My 7-year old son Josh introducing me at the beginning of PBL.
Our vibe was so friendly that this gentleman in the Ohio State shirt wanted to jump in our group photo. He said “Hi, I am George from Columbus!” I think George will lead a breakout session next year.
Finally, in the most powerful finale to any business conference I have ever attended, we were led in a drum circle by Adam Issadore of Path to Rhythm.
Many of you know that for eleven years, I trained the Afro-Brazilian martial art of capoeira, which is played in a circle with music. A drum circle was the perfect way to cement our laughter, learning and community.
A big thank you to our wonderful corporate sponsors Microsoft, Infusionsoft, Palo Alto Software and Freshbooks who believed in our vision enough to support our inaugural event. Pictured above are Erin Brimmer and Joelle Thompson from Microsoft.
We will do this again next October!

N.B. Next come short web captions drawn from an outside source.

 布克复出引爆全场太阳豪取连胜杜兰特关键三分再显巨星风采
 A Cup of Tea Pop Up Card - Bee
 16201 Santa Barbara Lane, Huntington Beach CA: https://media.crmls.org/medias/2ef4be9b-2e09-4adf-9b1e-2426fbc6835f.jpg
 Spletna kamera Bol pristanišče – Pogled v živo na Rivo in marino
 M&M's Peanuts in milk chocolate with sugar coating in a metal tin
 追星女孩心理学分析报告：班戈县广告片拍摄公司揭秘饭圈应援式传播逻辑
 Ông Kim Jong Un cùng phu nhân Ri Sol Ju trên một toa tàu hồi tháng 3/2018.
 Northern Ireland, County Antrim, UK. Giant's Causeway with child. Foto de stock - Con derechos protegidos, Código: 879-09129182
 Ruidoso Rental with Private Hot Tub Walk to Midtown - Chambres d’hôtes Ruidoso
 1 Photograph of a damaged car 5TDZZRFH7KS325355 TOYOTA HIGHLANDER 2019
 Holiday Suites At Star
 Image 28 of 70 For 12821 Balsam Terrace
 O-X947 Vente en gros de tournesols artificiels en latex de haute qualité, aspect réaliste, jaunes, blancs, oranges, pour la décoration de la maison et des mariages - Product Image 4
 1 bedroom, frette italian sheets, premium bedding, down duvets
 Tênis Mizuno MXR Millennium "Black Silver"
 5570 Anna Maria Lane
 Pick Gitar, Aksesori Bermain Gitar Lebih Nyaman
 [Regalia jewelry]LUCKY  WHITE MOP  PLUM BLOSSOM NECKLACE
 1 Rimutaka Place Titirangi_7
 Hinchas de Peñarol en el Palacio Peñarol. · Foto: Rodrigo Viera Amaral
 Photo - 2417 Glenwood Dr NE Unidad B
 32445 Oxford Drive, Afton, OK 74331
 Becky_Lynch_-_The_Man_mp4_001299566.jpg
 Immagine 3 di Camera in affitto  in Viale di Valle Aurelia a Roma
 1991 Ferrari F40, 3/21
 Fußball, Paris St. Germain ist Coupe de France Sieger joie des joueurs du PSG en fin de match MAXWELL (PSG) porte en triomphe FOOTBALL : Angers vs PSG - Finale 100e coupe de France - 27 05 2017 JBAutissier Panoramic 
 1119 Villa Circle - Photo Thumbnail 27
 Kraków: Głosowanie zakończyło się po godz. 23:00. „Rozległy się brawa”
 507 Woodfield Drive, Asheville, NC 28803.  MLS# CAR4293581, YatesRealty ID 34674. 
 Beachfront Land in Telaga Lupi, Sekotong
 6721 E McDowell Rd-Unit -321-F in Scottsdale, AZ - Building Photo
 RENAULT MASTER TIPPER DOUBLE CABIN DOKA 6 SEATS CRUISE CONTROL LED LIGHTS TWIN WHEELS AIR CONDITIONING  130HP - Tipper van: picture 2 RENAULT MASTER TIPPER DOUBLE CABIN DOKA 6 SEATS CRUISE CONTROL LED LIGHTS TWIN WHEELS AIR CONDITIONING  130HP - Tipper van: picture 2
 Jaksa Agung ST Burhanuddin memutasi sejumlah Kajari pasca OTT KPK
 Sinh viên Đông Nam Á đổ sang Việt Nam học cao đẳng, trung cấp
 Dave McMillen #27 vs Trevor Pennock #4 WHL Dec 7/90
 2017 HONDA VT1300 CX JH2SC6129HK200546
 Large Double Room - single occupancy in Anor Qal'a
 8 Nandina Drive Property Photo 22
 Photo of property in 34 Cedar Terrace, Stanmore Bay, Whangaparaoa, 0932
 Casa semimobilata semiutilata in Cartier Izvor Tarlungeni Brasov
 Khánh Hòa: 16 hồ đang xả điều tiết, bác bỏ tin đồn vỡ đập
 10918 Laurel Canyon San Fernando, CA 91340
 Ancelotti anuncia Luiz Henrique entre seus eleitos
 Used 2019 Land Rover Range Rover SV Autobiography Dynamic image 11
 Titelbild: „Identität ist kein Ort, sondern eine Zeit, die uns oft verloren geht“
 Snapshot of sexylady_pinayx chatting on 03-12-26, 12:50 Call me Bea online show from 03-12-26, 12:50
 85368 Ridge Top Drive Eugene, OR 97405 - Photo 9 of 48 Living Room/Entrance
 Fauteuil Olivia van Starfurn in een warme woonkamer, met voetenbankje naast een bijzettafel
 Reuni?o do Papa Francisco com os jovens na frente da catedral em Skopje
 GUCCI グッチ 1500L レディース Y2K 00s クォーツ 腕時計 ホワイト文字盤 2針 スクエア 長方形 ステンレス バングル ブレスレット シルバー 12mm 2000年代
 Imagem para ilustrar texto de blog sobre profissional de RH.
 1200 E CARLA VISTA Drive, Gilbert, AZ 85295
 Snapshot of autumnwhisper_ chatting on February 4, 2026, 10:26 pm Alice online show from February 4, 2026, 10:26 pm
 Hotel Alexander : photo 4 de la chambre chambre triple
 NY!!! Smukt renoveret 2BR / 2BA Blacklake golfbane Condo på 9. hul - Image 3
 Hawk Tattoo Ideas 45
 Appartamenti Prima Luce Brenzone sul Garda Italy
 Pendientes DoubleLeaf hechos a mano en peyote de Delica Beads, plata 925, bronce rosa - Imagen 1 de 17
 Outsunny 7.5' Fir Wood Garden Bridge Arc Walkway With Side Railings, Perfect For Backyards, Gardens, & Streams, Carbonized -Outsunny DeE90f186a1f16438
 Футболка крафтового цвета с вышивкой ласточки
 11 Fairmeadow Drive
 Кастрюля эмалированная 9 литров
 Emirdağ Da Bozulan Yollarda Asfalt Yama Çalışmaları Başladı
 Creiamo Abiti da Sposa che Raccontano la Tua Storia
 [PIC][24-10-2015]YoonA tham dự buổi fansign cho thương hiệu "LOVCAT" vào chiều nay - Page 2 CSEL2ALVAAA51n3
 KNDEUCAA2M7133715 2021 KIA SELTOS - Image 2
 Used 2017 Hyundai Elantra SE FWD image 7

Sign up here to be notified when registration opens, as well as to receive video clips from the event itself (we will spread them out over the next few weeks so you can absorb the learning).
My daughter Rosie, inspired by the event, gave some advice to Power Boosters, which you are free to use as you move forward to grow your business:
You have all that you need
The experience from Power Boost Live reaffirmed what I have known to be true since I was a fresh-faced International Development major in college:
“A leader is best when people barely know he exists, when his work is done, his aim fulfilled, they will say: we did it ourselves.”